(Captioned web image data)
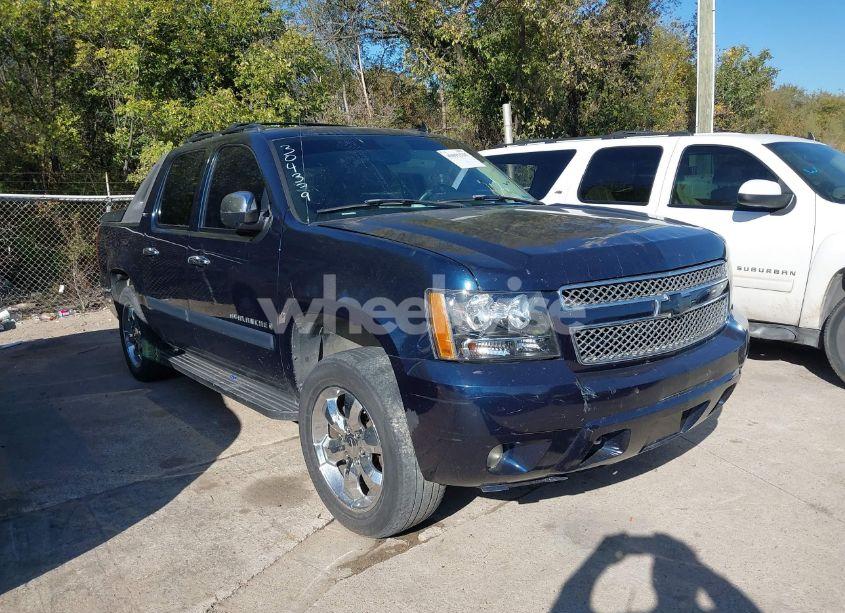 2007 Chevrolet Avalanche 1500 LTZ (VIN 3GNFK12347G304379) main photo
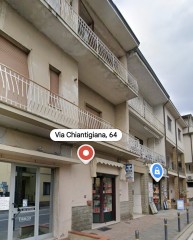 Ginestra Fiorentina via Chiantigiana appartamento di 4 vani con terrazze e resede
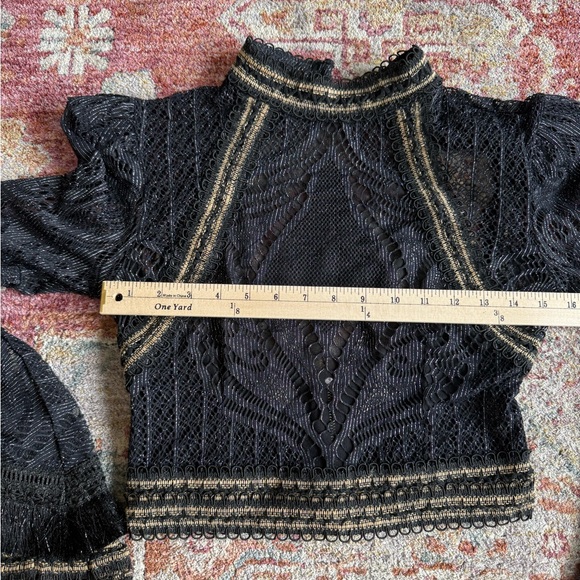 PatBO top and skirt set. Size US 6 - Picture 7 of 12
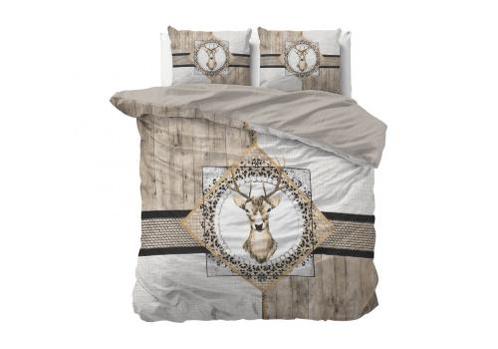 Dreamhouse Pure Wood Deer Taupe, Huis en Inrichting, Slaapkamer | Beddengoed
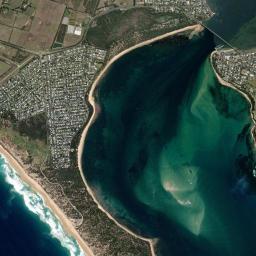Cape Woolamai High Resolution Satellite Map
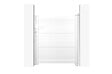 CASANOOV - Casanoov Portillon 1m EIGER H.115  cm blanc + Kit inversion ouverture - vignette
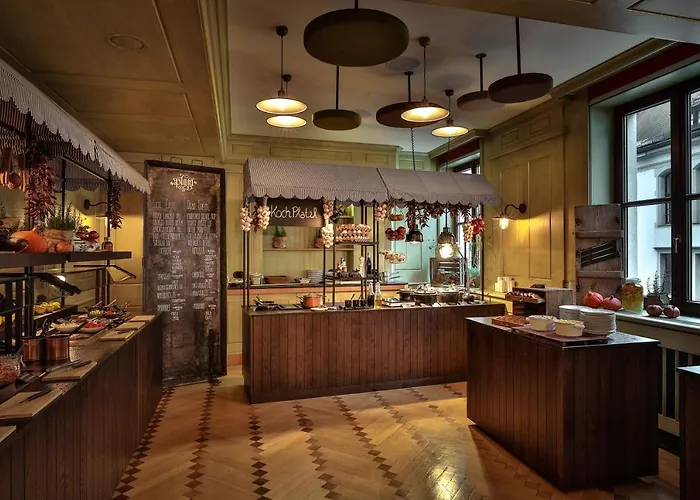 Ξενοδοχείο Platzl 4*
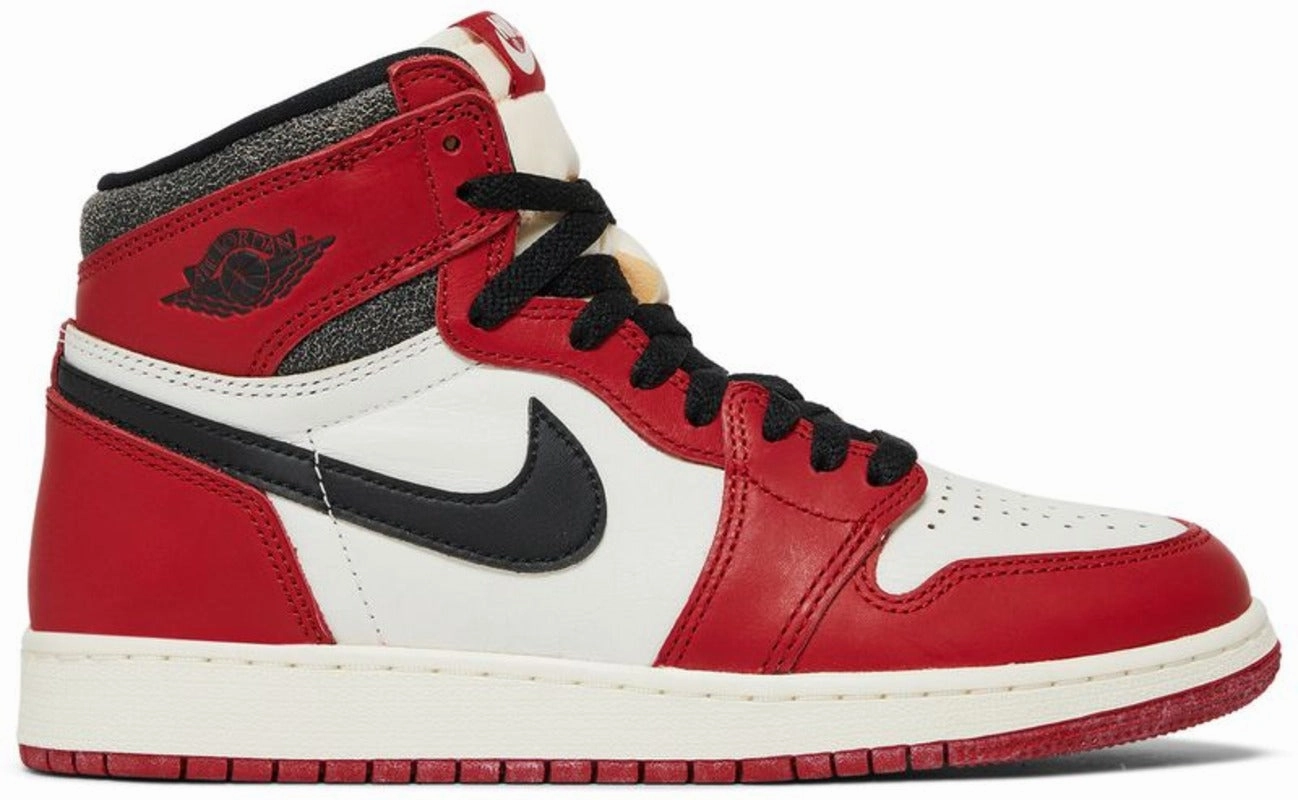 Jordan 1 Retro High OG Chicago Lost and Found (GS) Hike Meet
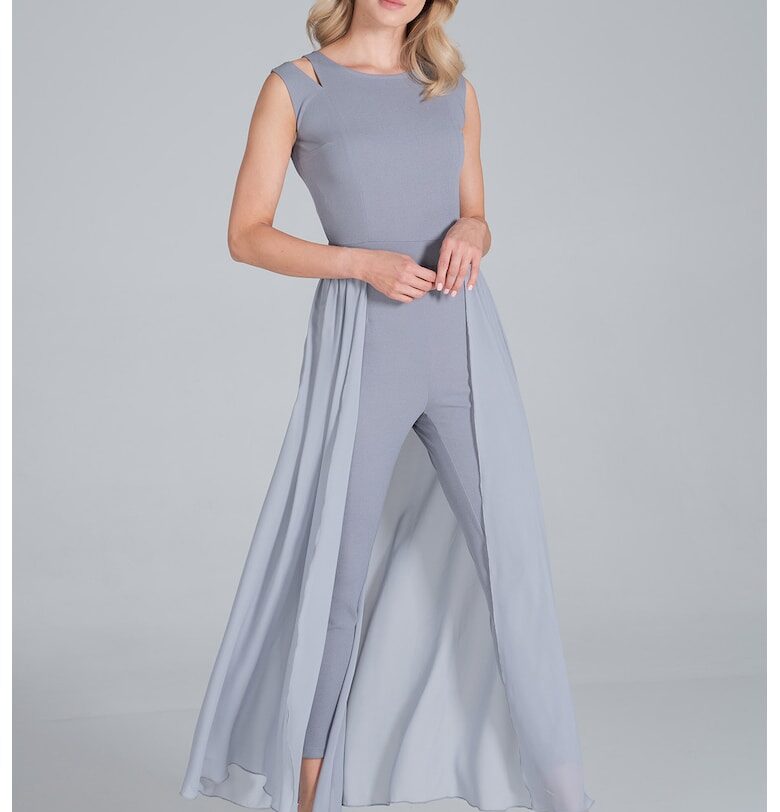 Гащеризон  сив - полиестер - Сив Figl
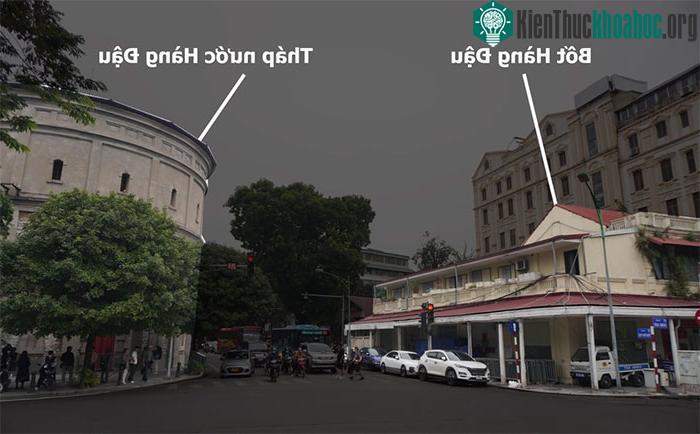 Lịch sử "Bốt Hàng Đậu": Khi tháp nước bị nhầm thành sở cẩm! ảnh 0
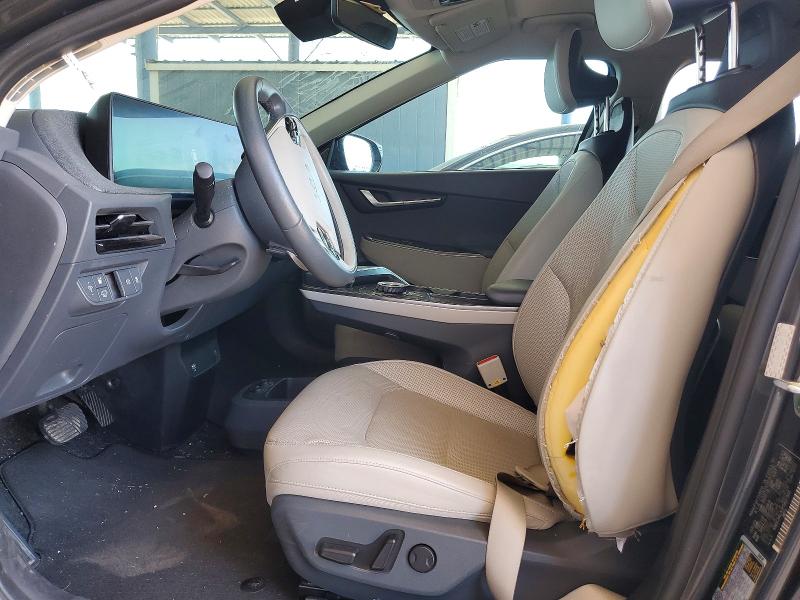 2023 Kia Ev6 VIN KNDC34LA1P5607103 COPART salvage auction — REAR END, Az - Cert Of Title - Salvage, sold $8,300 on 2026-08-18 (photo 7)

» TASK REQUIREMENTS
Print, without pictures, exactly the lines from the one containing "sở cẩm! ảnh 0" through the final line of the records above.

» RESPONSE AREA
 Lịch sử "Bốt Hàng Đậu": Khi tháp nước bị nhầm thành sở cẩm! ảnh 0
 2023 Kia Ev6 VIN KNDC34LA1P5607103 COPART salvage auction — REAR END, Az - Cert Of Title - Salvage, sold $8,300 on 2026-08-18 (photo 7)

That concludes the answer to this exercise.